**The problem:**
With the pictures removed, reproduce exactly the lines from the one that contains "a bedroom with" through the last line of the entries below.

********************

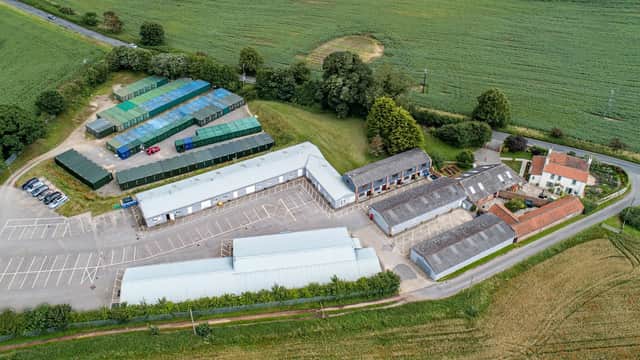 Aerial view of Sycamore Business Park featuring buildings, parking, and surrounding green fields in Bridge Hewick, Yorkshire.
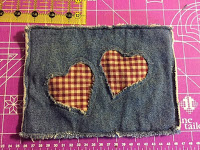 http://hangryfork.com/sewing-projects/reverse-applique-upcycled-denim-potholder/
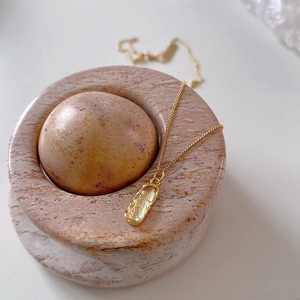 Macro detail of irregular gold rectangle pendant with vintage lava texture on pink marble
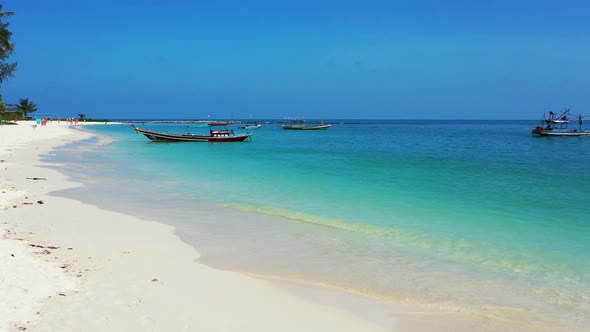 Natural fly over tourism shot of a sunshine white sandy paradise beach and turquoise sea background 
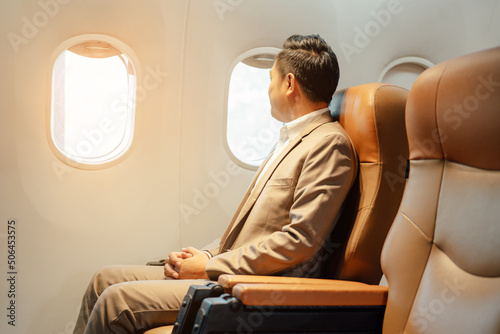 Fotografie Closeup businessman while sitting in airplane, Traveling and technology
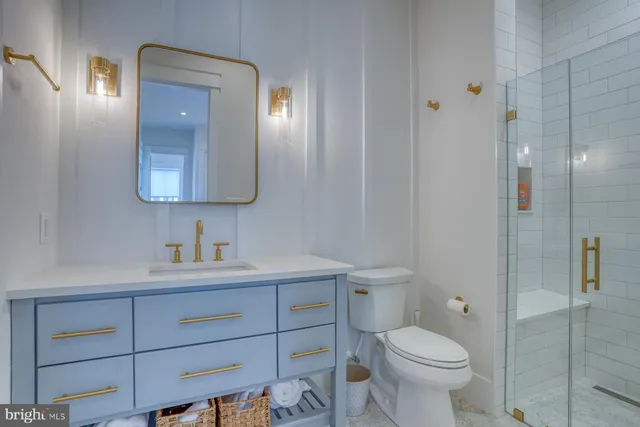 a bedroom with a bed and a table in it with window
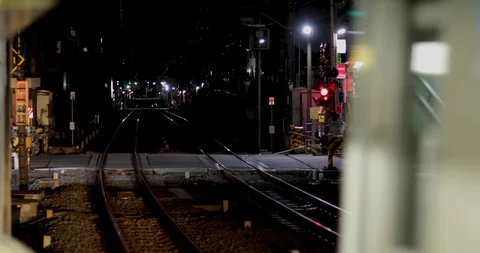 Train Passing Trough Station At Night. T 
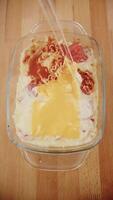Melted Cheese on Fork in a Glass Container video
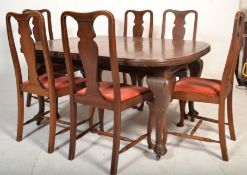 A 1920s mahogany extending dining table with cabri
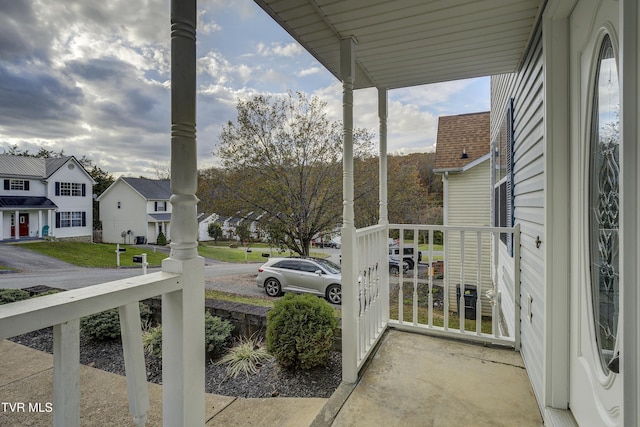 balcony featuring a porch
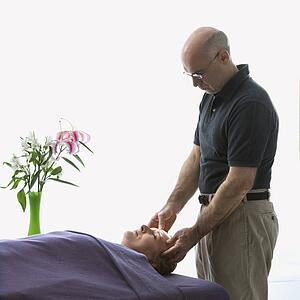 Massage therapist massaging face of woman lying on massage table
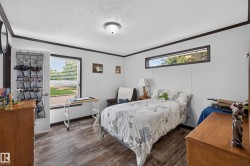Bright room featuring wood-finish flooring, white panel walls, and dark trim - 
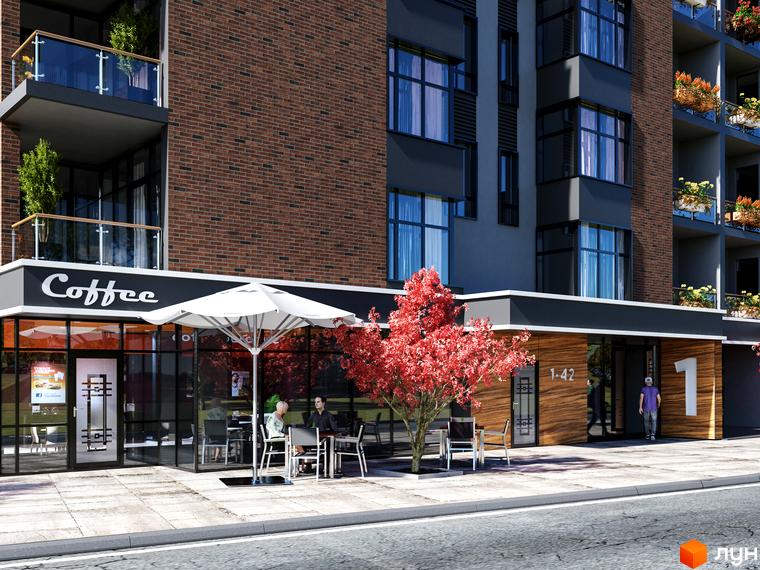 Житловий комплекс Manhattan з цегляним фасадом, темними елементами та балконами. На першому поверсі кав'ярня з літнім майданчиком та червоне дерево біля входу.
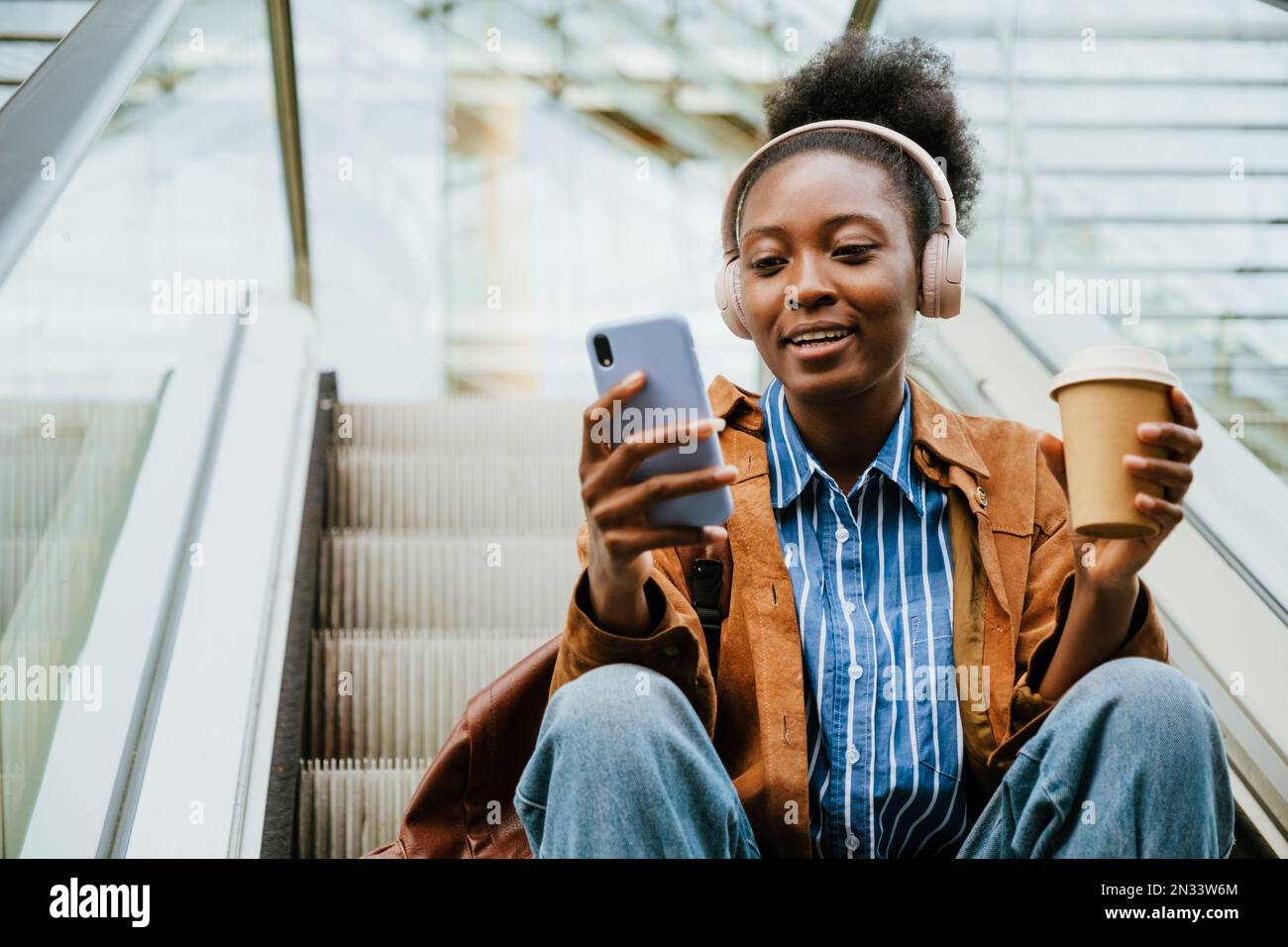 Young african american woman using cellphone and drinking coffee while ...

********************

**The completed task:**
 a bedroom with a bed and a table in it with window
 Train Passing Trough Station At Night. T 
Melted Cheese on Fork in a Glass Container video
 A 1920s mahogany extending dining table with cabri
 balcony featuring a porch
 Massage therapist massaging face of woman lying on massage table
Bright room featuring wood-finish flooring, white panel walls, and dark trim - 
 Житловий комплекс Manhattan з цегляним фасадом, темними елементами та балконами. На першому поверсі кав'ярня з літнім майданчиком та червоне дерево біля входу.
 Young african american woman using cellphone and drinking coffee while ...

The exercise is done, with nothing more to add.